Voltava do trabalho pensando em ligar para minha fada madrinha e lhe pedir alguns conselhos. Conselhos não, eu queria que ela me dissesse o que mais tenho de incômodo. Como sei que fada madrinha é educada, eu sabia que ela me diria a verdade, e melhor, de uma maneira educada e gentil.
"Você está muito rabugenta!" Foi o que ela me disse, sem dó nem piedade. Talvez com certa piedade. Ela nem usou o verbo ser. Eu agradeci, pois mesmo sem ainda lhe haver perguntado, ela com suas antenas radioativas ligadas, me respondeu. Creio que seja porque minha rabugice está transbordando pelos poros.
Decidi suar um pouco o corpo sozinha, já que meu namorado não estava comigo, e subi numa escada bem alta com uma tesoura de aparar plantas. A trepadeira já havia feito a curva do muro e incomodava os olhos da vizinha. Cortei, cortei e enquanto cortava, vários pensamentos ocupavam minha mente em ritmo alucinante. "Por que não fazer isto ou aquilo? Isso não, é melhor aquilo. Por que me sinto assim e não assado? O que eu quero da minha vida? Nossa, esses pensamentos são adolescentes, mas eu já não cresci?" E assim foram, um atropelando o outro.
A neblina e a garoa chegaram logo, densas e intensas, então me lembrei que não lhe havia recomendado levar o guarda-chuva para sua aula de encantamentos. Fadas madrinhas também ficam gripadas.
Consegui cortar metade do que precisava e intuitivamente guardei minhas ferramentas, tempo suficiente para cair uma chuvarada. Decidi que deveria me entregar, a que deus mesmo? Qual é o deus ou deusa dos afazeres domésticos? É mesmo! Eu havia me esquecido, não há um deus ou deusa para afazeres domésticos, pois foi satanás quem os intentou. Eu teria que passar minha noite debruçada numa tábua de passar, pois bem, assim seja.
Mesmo que eu me entregue às obrigações satânicas como lavar, passar, cozinhar e limpar a casa, minha cabeça permanece no limbo, passeando pelos recônditos mofados da minha consciência. Havendo a esperança de um dia eu alcançar o céu.

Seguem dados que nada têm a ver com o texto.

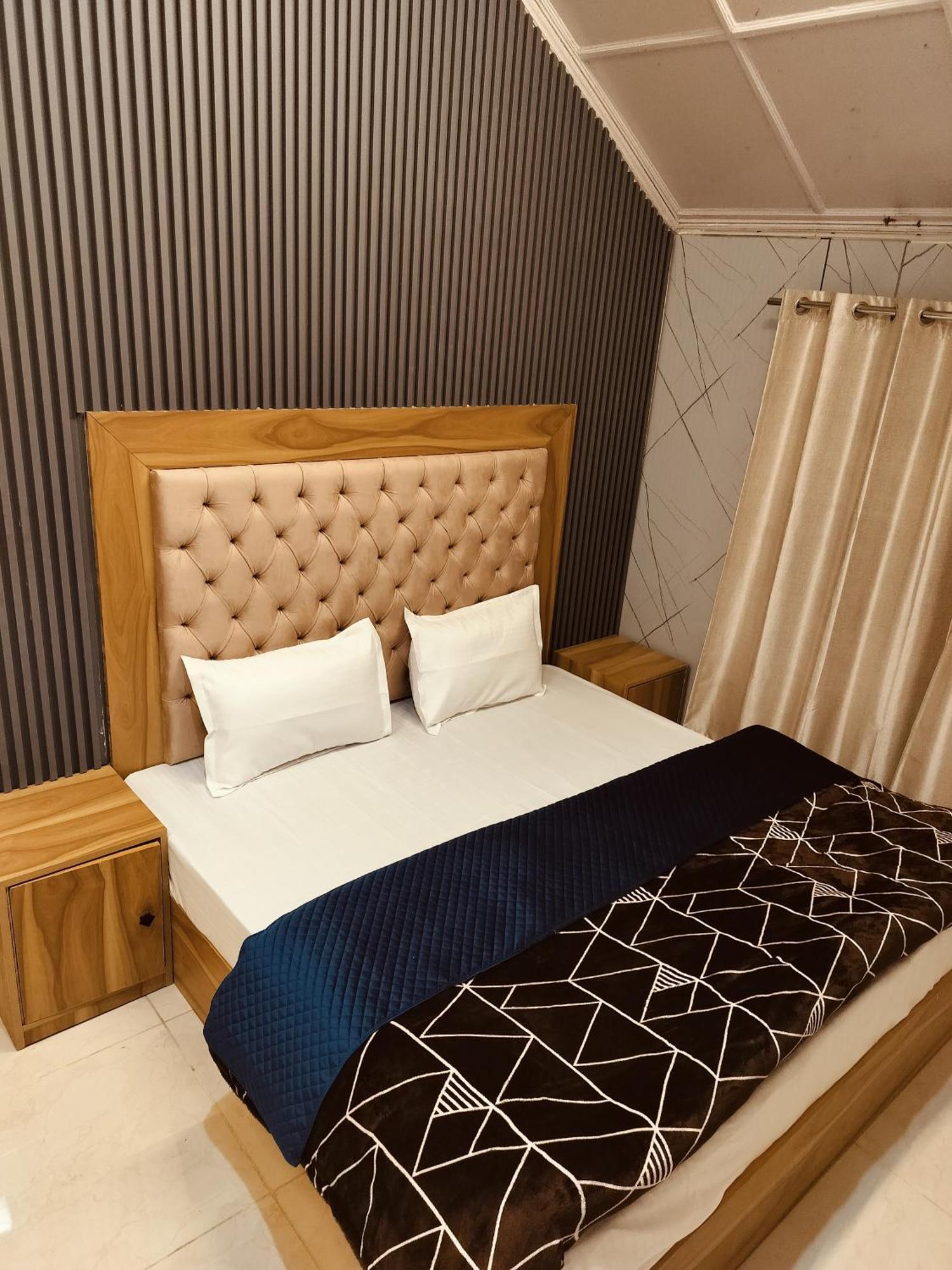 Madan Kunj B & B Mall Road Σίμλα Εξωτερικό φωτογραφία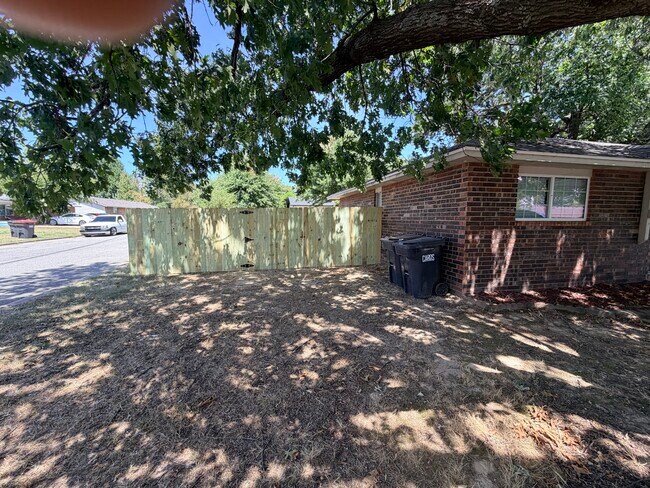 Building Photo - 2506 Jo Ave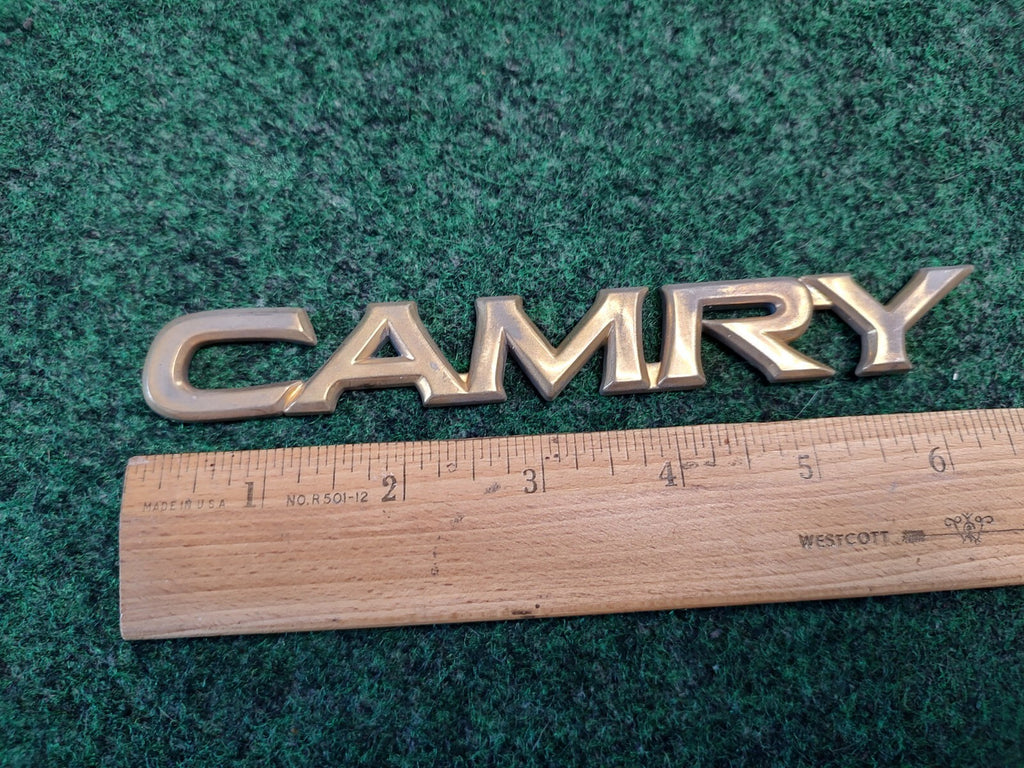 Toyota Camry Rear Trunk Gold Script Emblem Badge Nameplate 97 98 99 00 01 4S8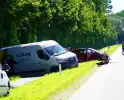 Voertuigen zwaar beschadigd na aanrijding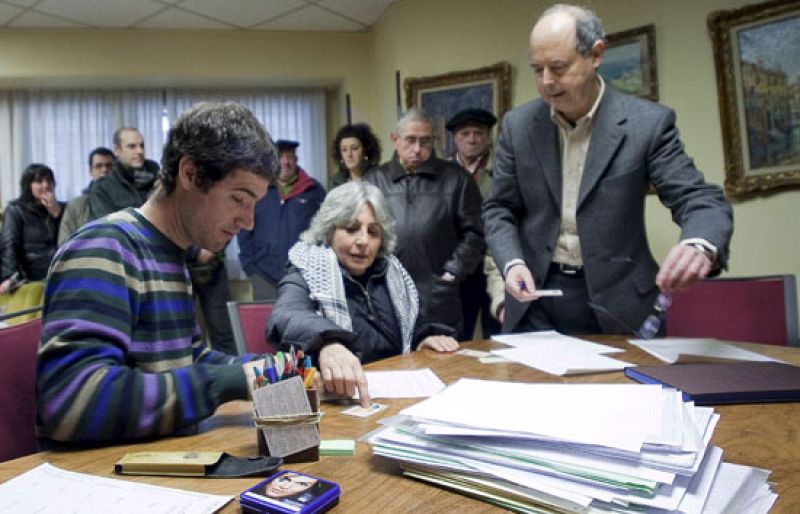 Garzón envía a prisión a los ocho 'batasunos' detenidos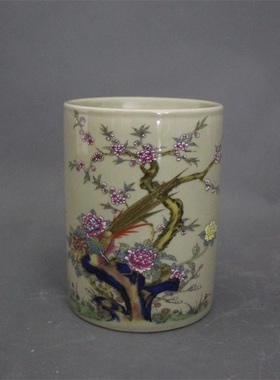 年制粉彩花鸟仿古风陶瓷器笔筒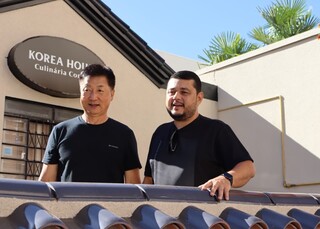 Restaurante coreano de amigos serve o que todo mundo v&ecirc; nos doramas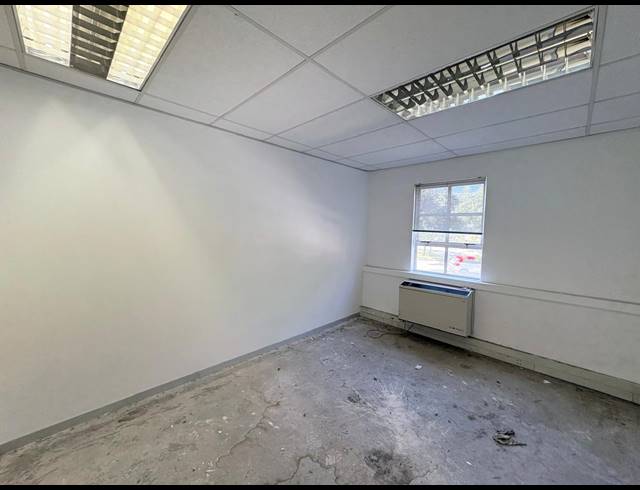 123M² OFFICE TO LET IN FOURWAYS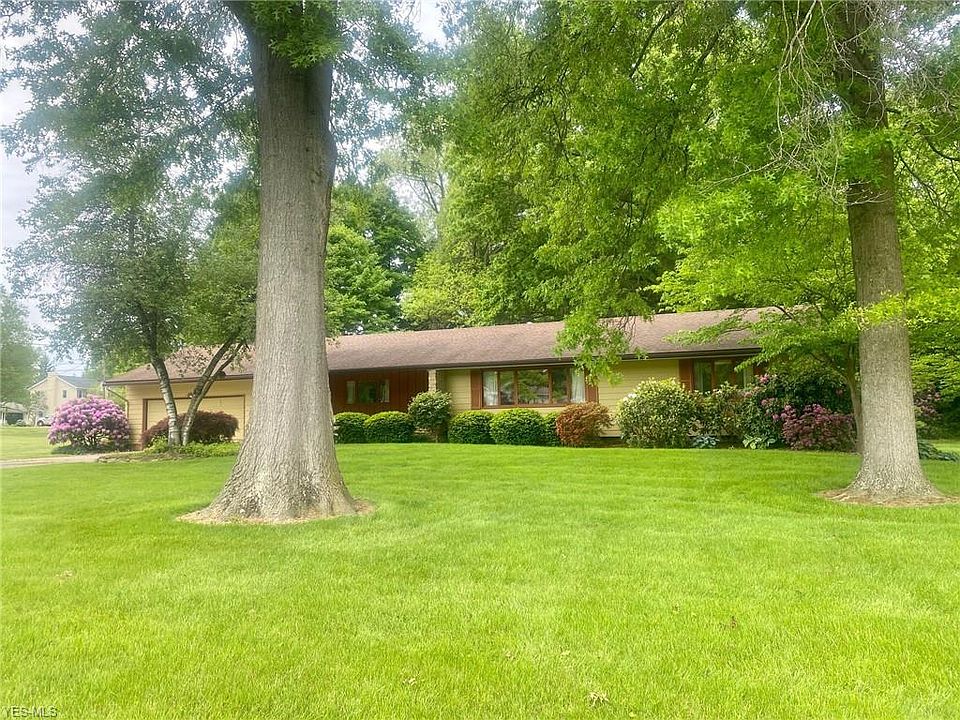 1st image of 136 Parkview Cir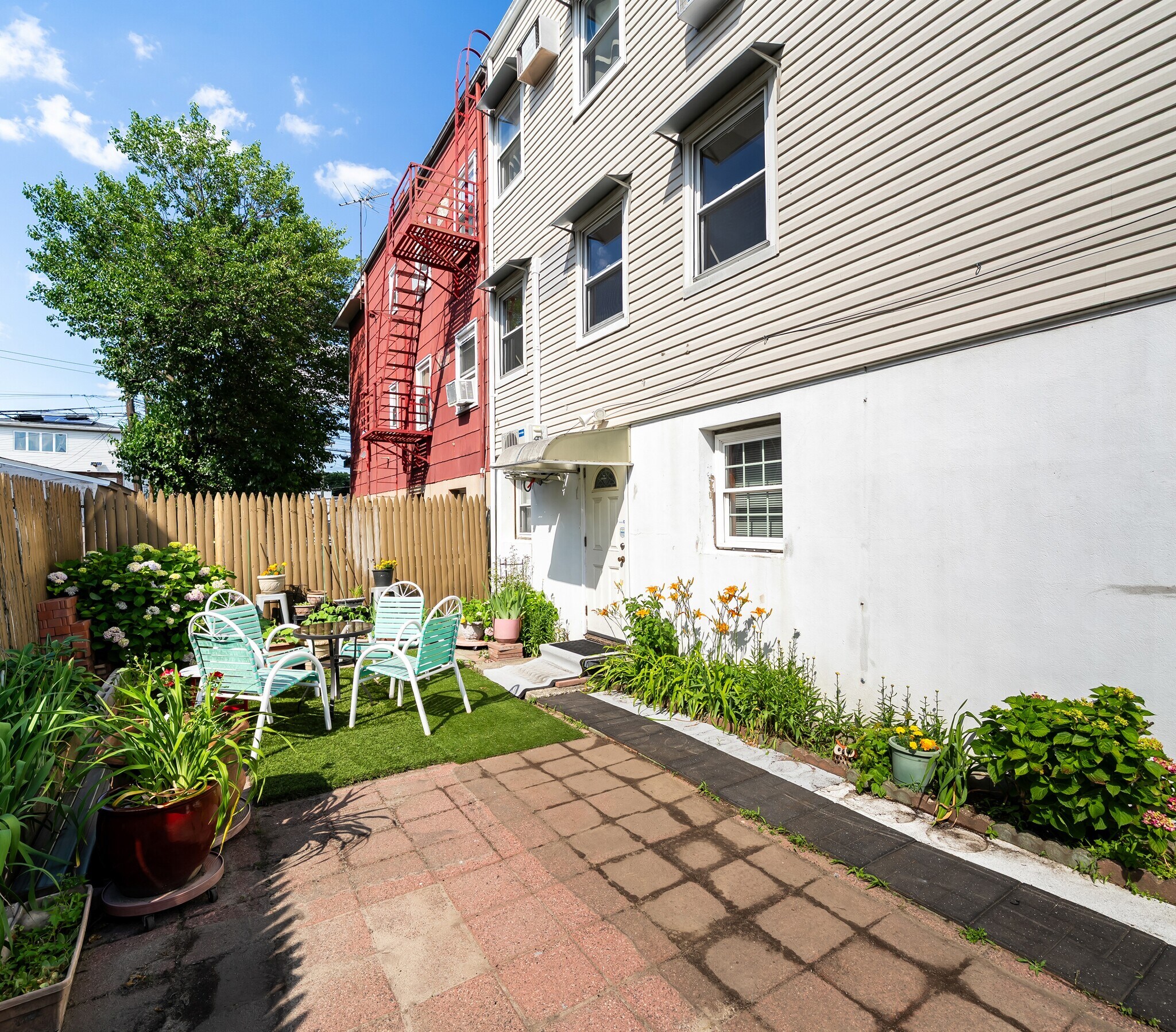 Building Photo - 4007 Gehr Pl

Estava eu pensando sobre minhas mazelas quando finalmente percebi que sou portadora de uma síndrome que começou na adolescência: a síndrome Raúl Seixas. Sim, esta síndrome existe, só não foi ainda catalogada pelos psiquiatras e psicólogos, mas vou sugerir à minha terapeuta que elabore a teoria. Aliás, acho que os pais não deveriam deixar seus filhos escutá-lo, já que uma vez adquirida a síndrome ela se torna crônica.